# WoW



## tethra (Oct 27, 2006)

Does anyone play World of Warcraft? =]


----------



## CECIL (Oct 3, 2004)

Yep, level 70 Nelf Druid on Ner'Zhul here. My only regret is that I don't have flight form in real life, that would be so awesome.


----------



## 17545 (Feb 14, 2007)

I played WoW up until level 40. Got really bored.


----------



## Revelation_old (Aug 9, 2004)

Lvl 70 Tauren Druid on Wildhammer...ftw


----------



## enngirl5 (Aug 10, 2004)

> Yep, level 70 Nelf Druid on Ner'Zhul here





> Lvl 70 Tauren Druid on Wildhammer...ftw


Are we still speaking English here?


----------



## Guest (Mar 8, 2007)

What clans/guilds are you guys from?

I was going to join my mate?s guild: The Drunken Dragons.

But I got bored? =P

I?m playing Phantasy Star on the 360


----------



## CECIL (Oct 3, 2004)

enngirl5 said:


> Are we still speaking English here?


I'm Feral specced and my DPS in cat is higher than its ever been. I was a bit pissed about the recent Bear form nerfs but thankfully they hotfixed the changes to increase threat generation. So now I can tank in PvE - not a real big PvPer.

My guild (AoS) has started Karazhan but so far I haven't been, although I am attuned.

English enough for you? :lol:


----------



## Revelation_old (Aug 9, 2004)

CECIL said:


> I'm Feral specced and my DPS in cat is higher than its ever been.


I'm rare. I am balanced. I am also in one of the top guilds on my server (RWS). I host and maintain the guild website, so, I can do whatever I want .

In game, I'm a bit of an ass. I told the guild if my brother, father (no joke, 59 and plays) and my friends weren't in the guild, I would start my own and take all important people with me.

They got in, to say the least. Additionally, I crit for 2740.


----------



## Fant?me (Feb 2, 2007)

I quit the game over 16 months ago after I hit 60 because it was getting realllly pathetic.

I actually get to enjoy a variety of games and activities now that that drug is out of my life.


----------



## tethra (Oct 27, 2006)

I was an orc warrior named Draskyul in the guild Nightmares Asylum on Smolderthorn.

Me and a few guildies with a few irls rerolled on Magtheridon.

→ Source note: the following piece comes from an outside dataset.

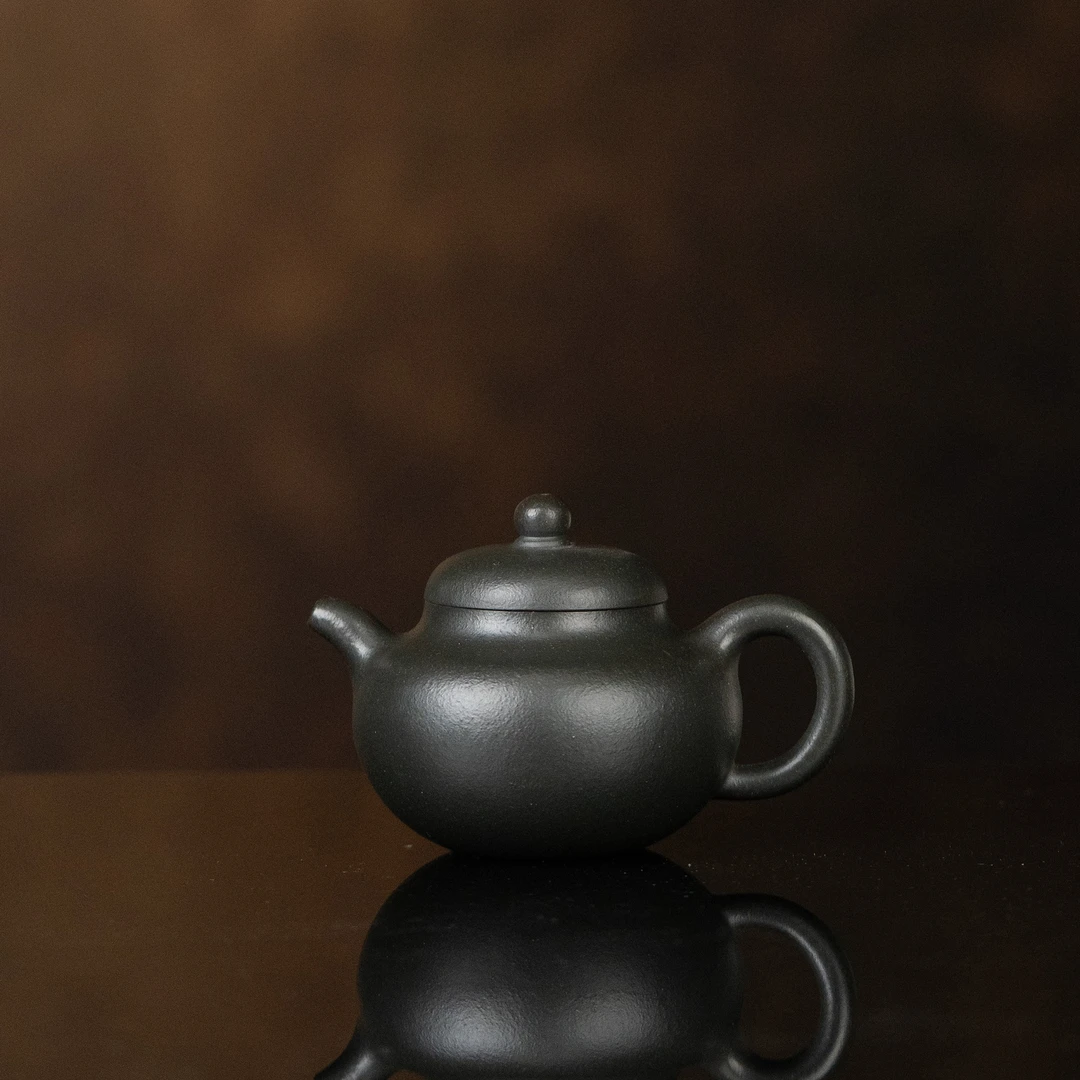 【利贞l柿圆】原矿降坡泥还原烧 约110cc 手工制作 紫砂壶茶具JYT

So now I'm a bloodelf rogue whos level 62 currently


----------



## CECIL (Oct 3, 2004)

Damn you leveled that Blood Elf quickly 

Mind you there were level 70 Draenei on my server only a week or two after release :shock:


----------



## tethra (Oct 27, 2006)

Yeah I even got TBC a month late :shock:


----------



## CECIL (Oct 3, 2004)

Revelation said:


> I'm rare. I am balanced. I am also in one of the top guilds on my server (RWS). I host and maintain the guild website, so, I can do whatever I want .


I hear Balance is doing very well now 

Maybe I'm a sucker for punishment after playing a Druid for 2 years, but I'm thinking of making my Shaman (currently 27) my main.

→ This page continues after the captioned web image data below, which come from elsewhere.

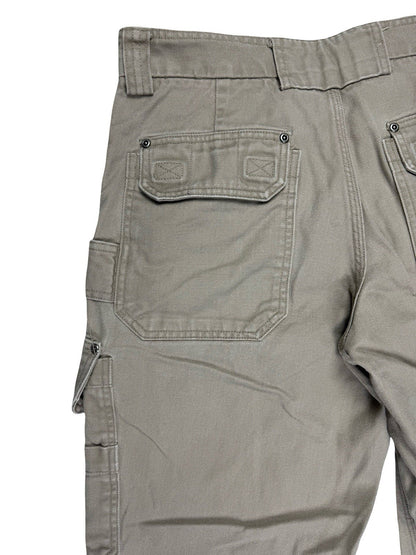 Duluth Beige Cargo Carpenter Denim Jeans 32W 30L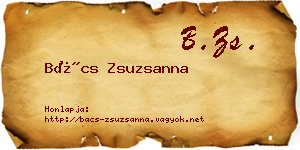 Bács Zsuzsanna névjegykártya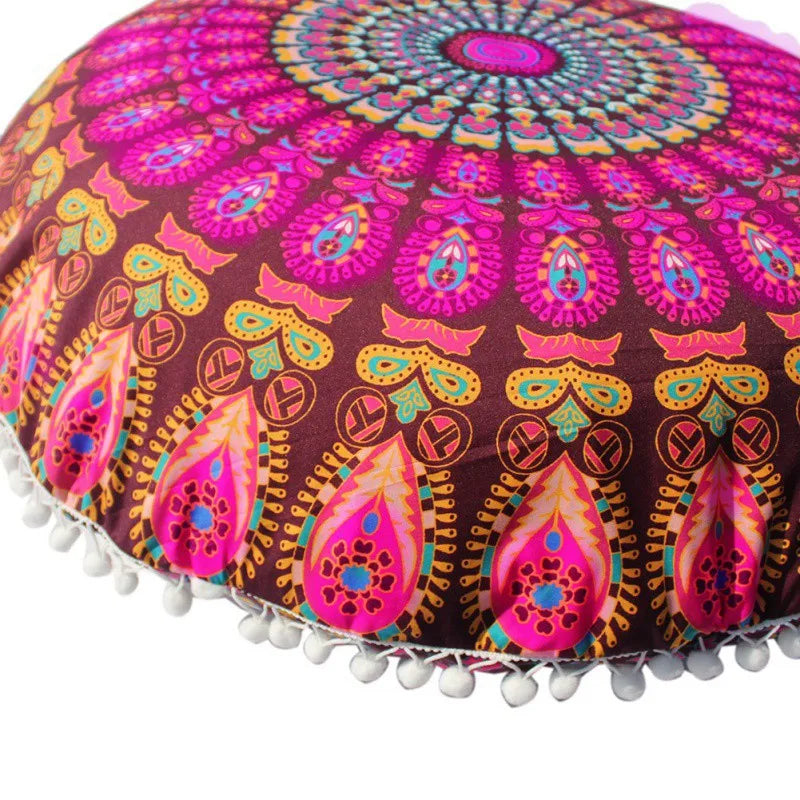 Runde Mandala Kissenhülle – Boho Polyester Deko 43x43cm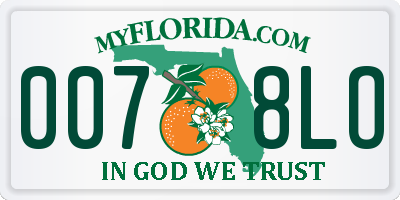 FL license plate 0078LO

I have the chance to start raiding as Feral, which is what I always wanted. Yet I've wanted to play a Shaman for quite a while too.

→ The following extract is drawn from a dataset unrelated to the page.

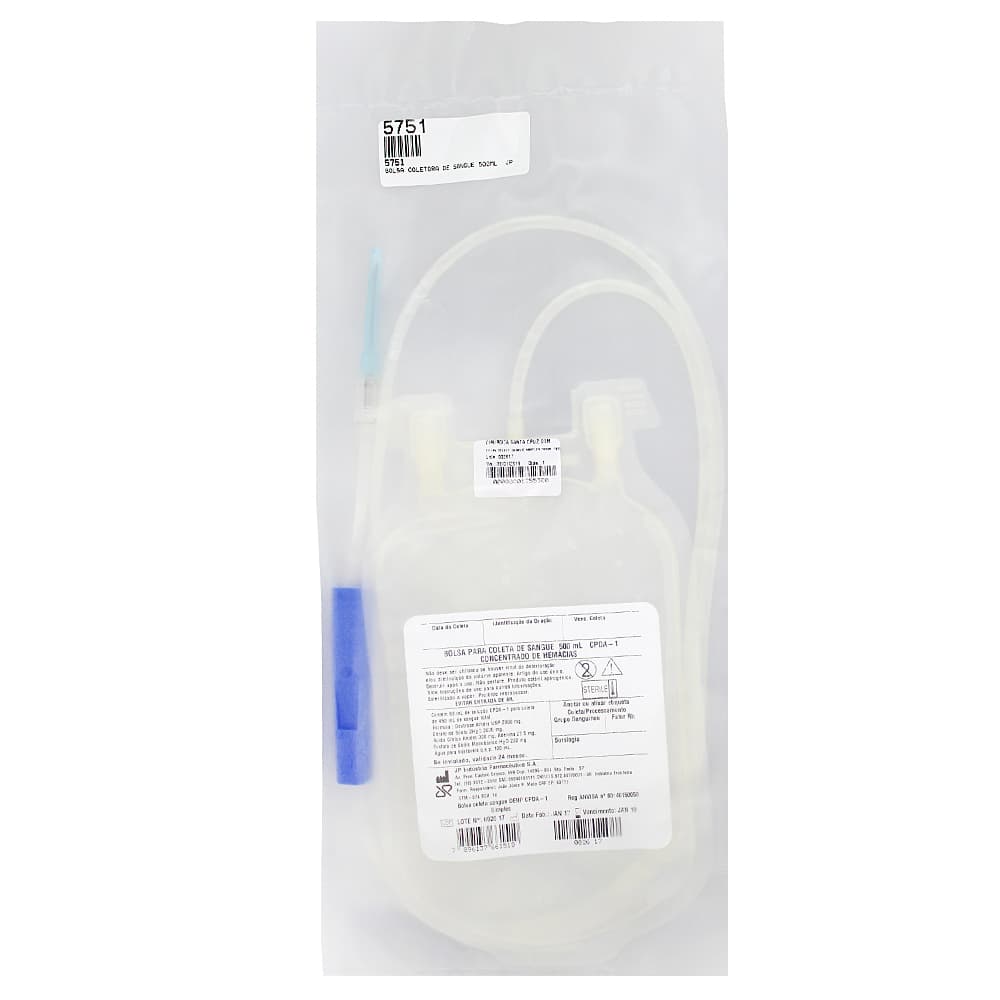 Bolsa Coletora De Sangue Simples Cpda-1 Jp 500ml - Portal do Médico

Yeah, I get a lot of anxiety over WoW :roll:


----------



## Revelation_old (Aug 9, 2004)

Shamans will only be allowed healing in raids. Just remember that.


----------



## CECIL (Oct 3, 2004)

So everyone says. But fuck it, I'm tired of listening to what everyone says. I don't really want to go back to raiding 3 nights a week. I just want to enjoy this game for what it is and be done with it.


----------



## tethra (Oct 27, 2006)

I think shamans can put our more dps than rogues now unless the rogues are combat daggers.


----------